Portugal está no fim da tabela da competitividade fiscal

20 janeiro 2023 19:58

A receita fiscal ajudou Medina a bater a meta de défice em 2022

ana baião

França e Itália são os únicos abaixo de Portugal em ranking de instituto espanhol. Impostos altos e dificuldade em atrair IDE são problemas apontados

20 janeiro 2023 19:58

Portugal pontua mal no ‘jogo’ da competitividade fiscal.
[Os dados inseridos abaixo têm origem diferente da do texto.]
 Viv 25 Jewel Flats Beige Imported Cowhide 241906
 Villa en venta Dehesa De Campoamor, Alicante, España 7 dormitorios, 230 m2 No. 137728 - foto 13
Num estudo acabado de divulgar pelo organismo espanhol Instituto de Estudios Económicos, com base em dados da americana Tax Foundation, a economia portuguesa surge em terceiro a contar do fim, o que corresponde ao 36º lugar em 38 economias, no Índice de Competitividade Fiscal para 2022. O foco do trabalho é Espanha, que é arrasada no que respeita à atratividade fiscal, mas que, mesmo assim, está melhor classificada do que Portugal — situa-se duas posições à nossa frente (34º). As médias da Organização para Cooperação e Desenvolvimento Económico e da União Europeia (UE) estão ambas sensivelmente a meio da tabela.

Para Luís Belo, líder do departamento de consultoria fiscal da Deloitte, o desempenho de Portugal não sur­preende, porque, no que toca às empresas, “continuamos a ter a segunda taxa nominal de impostos sobre os lucros (IRC e derramas) — 31,5% — mais elevada da UE e da OCDE”. Uma desvantagem “quando precisamos de atrair investimento”. E faz notar que “existem outros fatores” a contribuir para o mau desempenho, como “a demora no funcionamento dos tribunais fiscais e a significativa complexidade e burocracia no cumprimento das obrigações fiscais”, e sinaliza que faltam “estímulos ao investimento”. Por exemplo, “este ano não foi renovado o crédito fiscal ao investimento que vigorou nos últimos anos”.